- _Required work_:
With pictures removed, the data below should be returned exactly.

(Short descriptive text snippets)
·····

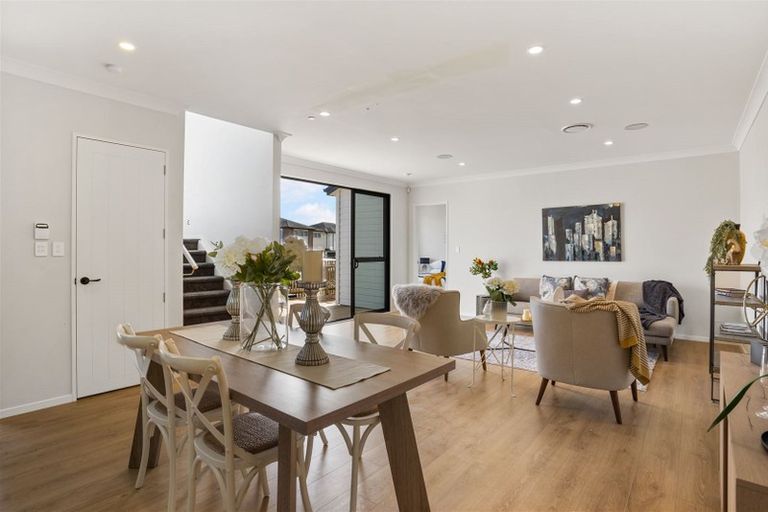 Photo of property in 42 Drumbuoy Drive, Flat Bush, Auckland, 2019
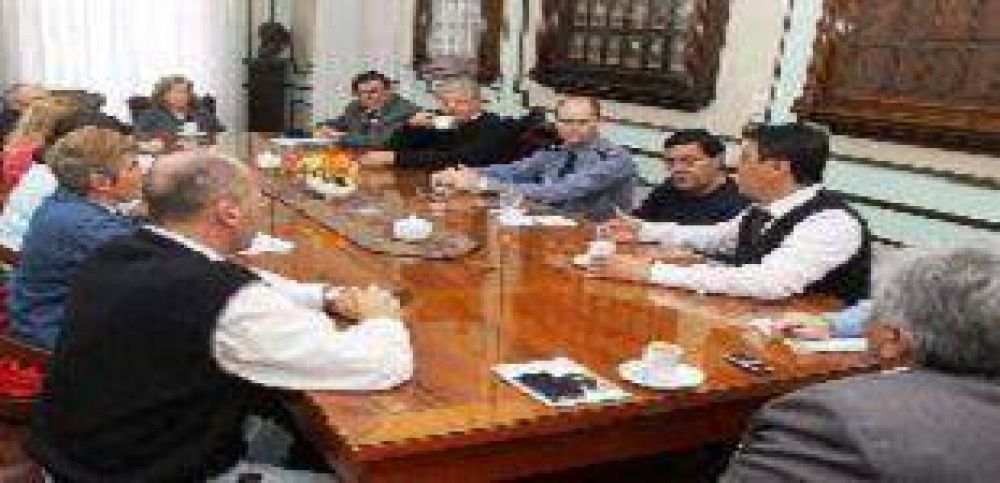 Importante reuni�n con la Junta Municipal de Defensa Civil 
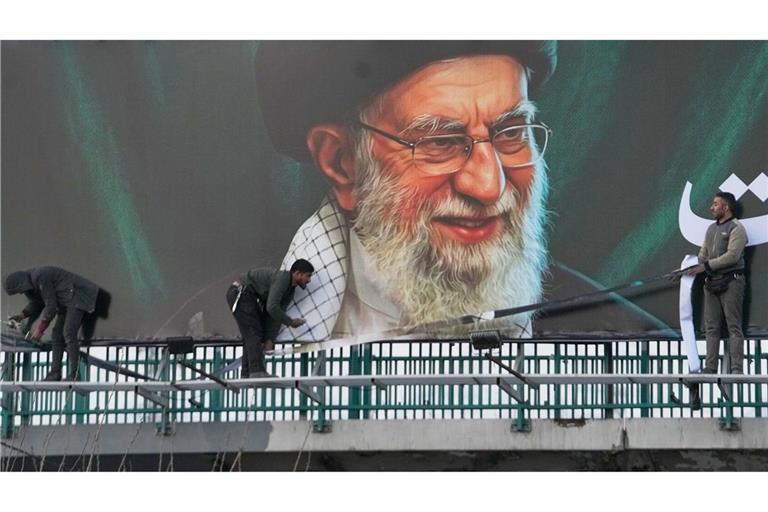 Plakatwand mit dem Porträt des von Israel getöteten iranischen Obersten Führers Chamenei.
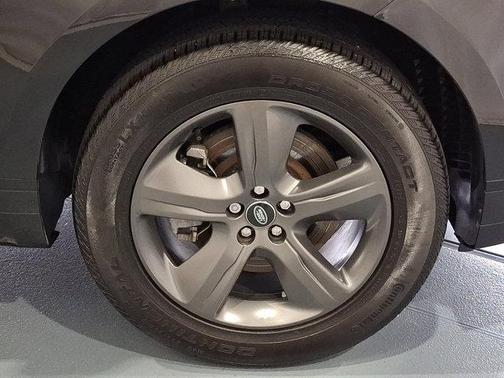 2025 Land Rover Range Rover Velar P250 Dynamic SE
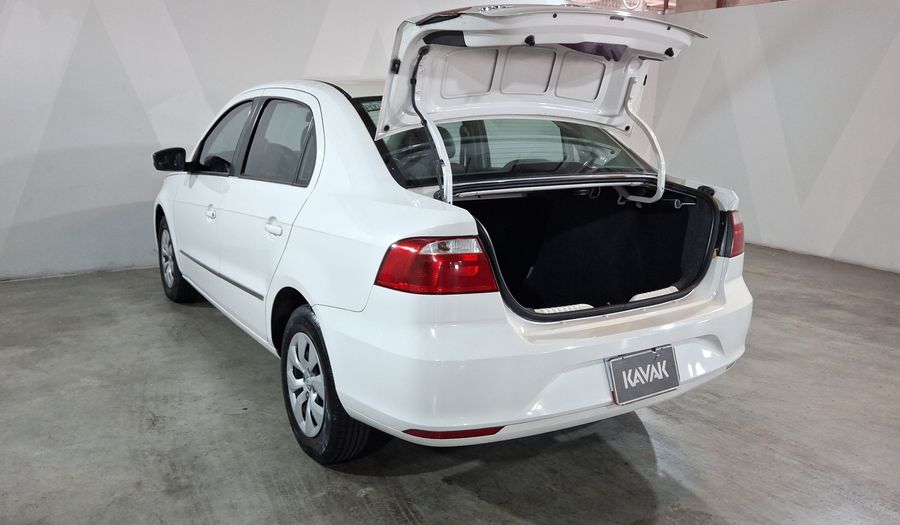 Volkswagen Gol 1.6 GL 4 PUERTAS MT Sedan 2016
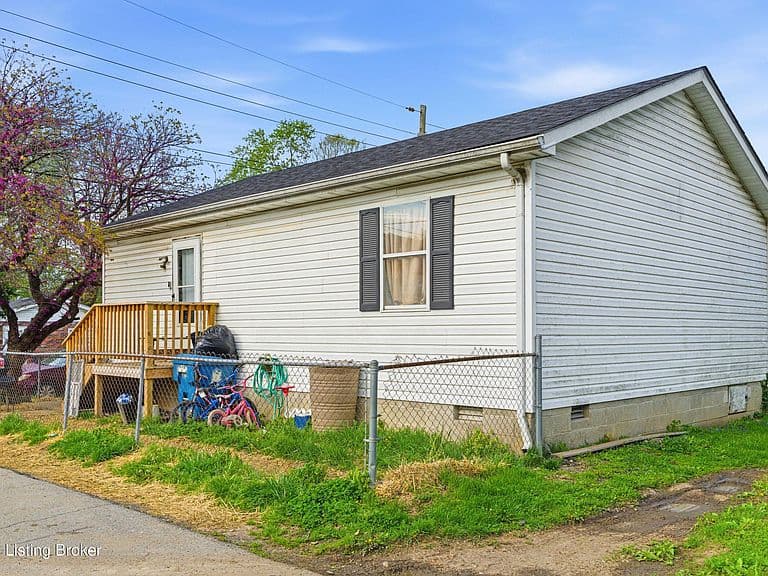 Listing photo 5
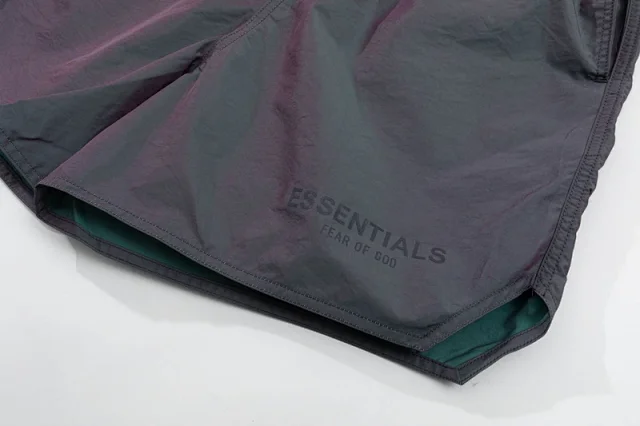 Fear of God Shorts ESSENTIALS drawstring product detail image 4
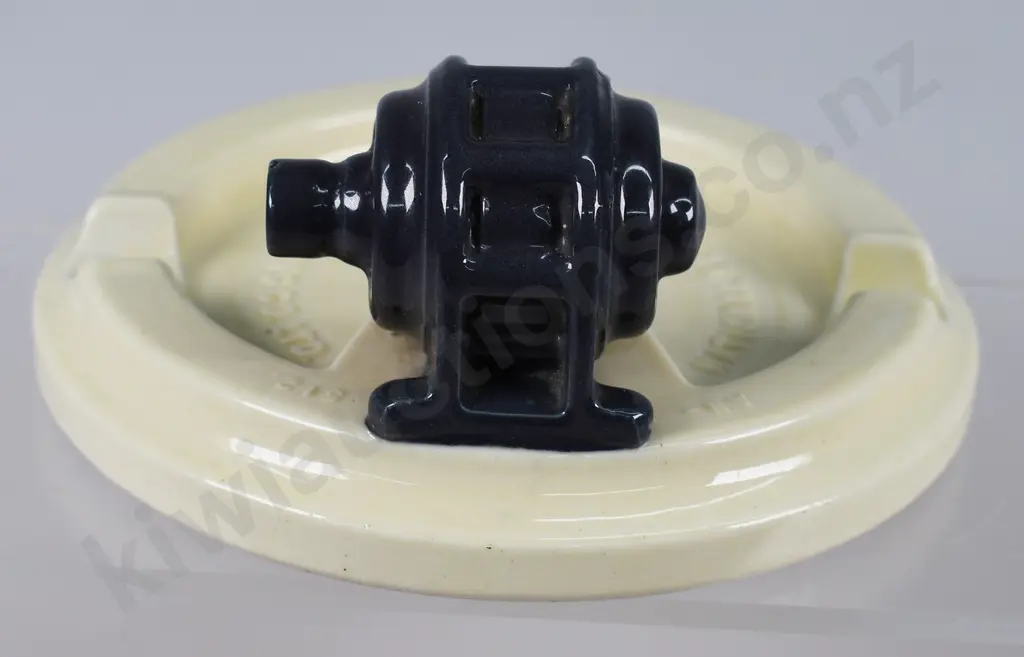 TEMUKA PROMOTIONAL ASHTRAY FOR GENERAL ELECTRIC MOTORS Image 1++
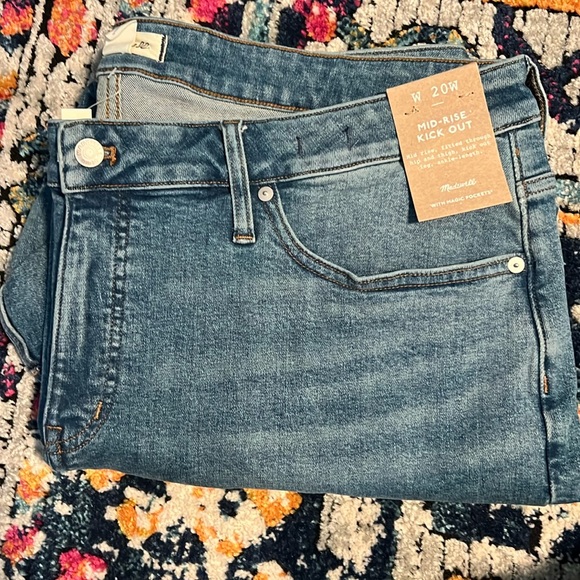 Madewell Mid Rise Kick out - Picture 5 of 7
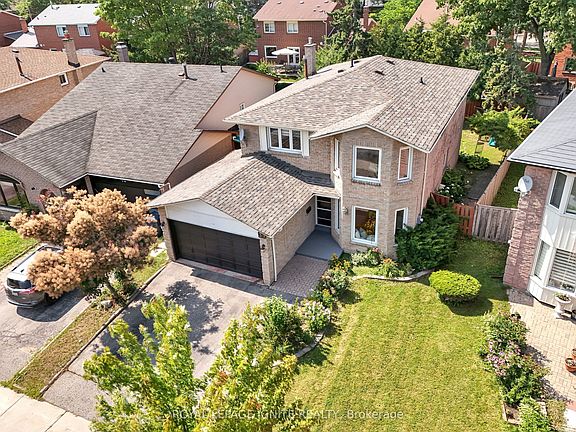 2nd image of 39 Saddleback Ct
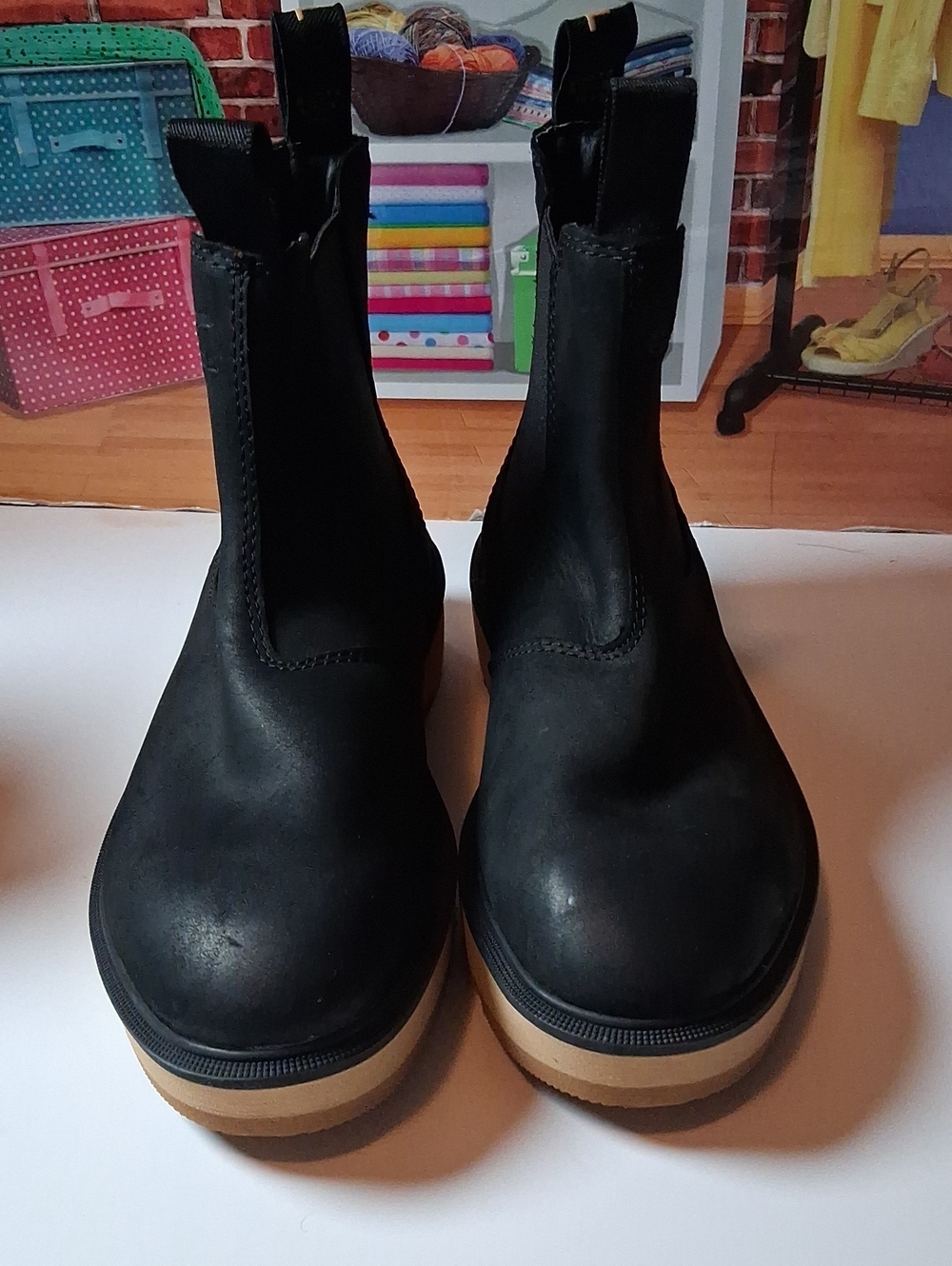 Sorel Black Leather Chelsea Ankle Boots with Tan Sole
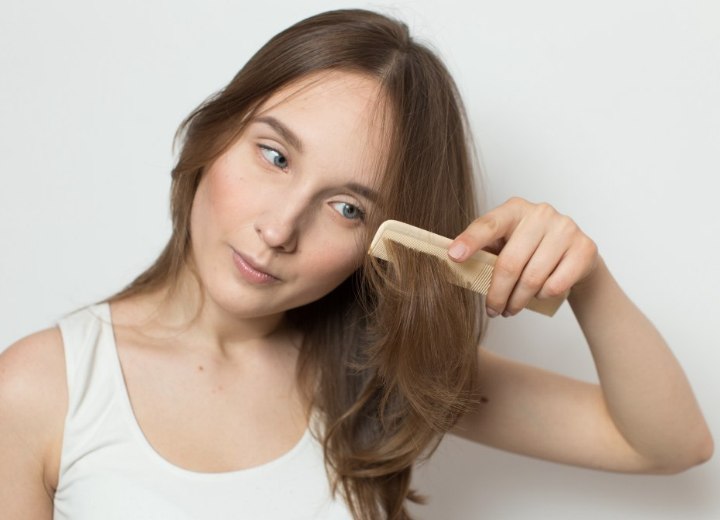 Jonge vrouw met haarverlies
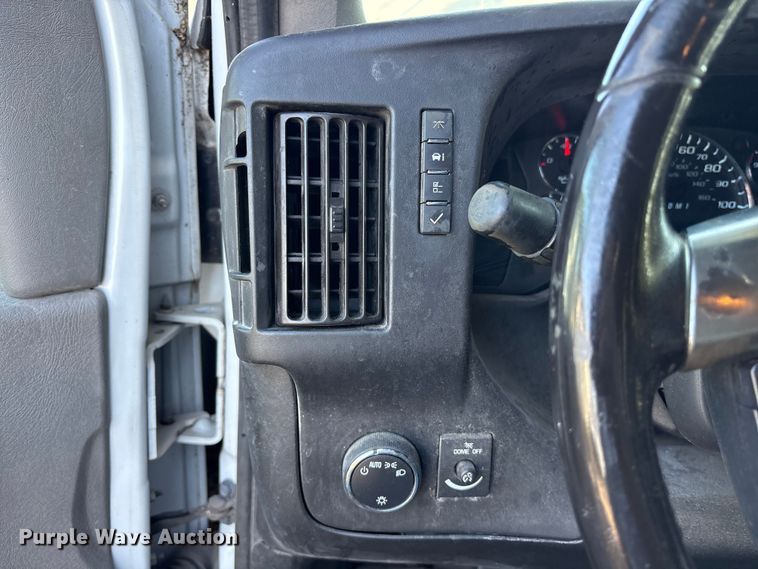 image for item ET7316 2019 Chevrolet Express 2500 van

·····

- _Response to this exercise_:
 Photo of property in 42 Drumbuoy Drive, Flat Bush, Auckland, 2019
 Importante reuni�n con la Junta Municipal de Defensa Civil 
 Plakatwand mit dem Porträt des von Israel getöteten iranischen Obersten Führers Chamenei.
 2025 Land Rover Range Rover Velar P250 Dynamic SE
 Volkswagen Gol 1.6 GL 4 PUERTAS MT Sedan 2016
 Listing photo 5
 Fear of God Shorts ESSENTIALS drawstring product detail image 4
 TEMUKA PROMOTIONAL ASHTRAY FOR GENERAL ELECTRIC MOTORS Image 1++
 Madewell Mid Rise Kick out - Picture 5 of 7
 2nd image of 39 Saddleback Ct
 Sorel Black Leather Chelsea Ankle Boots with Tan Sole
 Jonge vrouw met haarverlies
 image for item ET7316 2019 Chevrolet Express 2500 van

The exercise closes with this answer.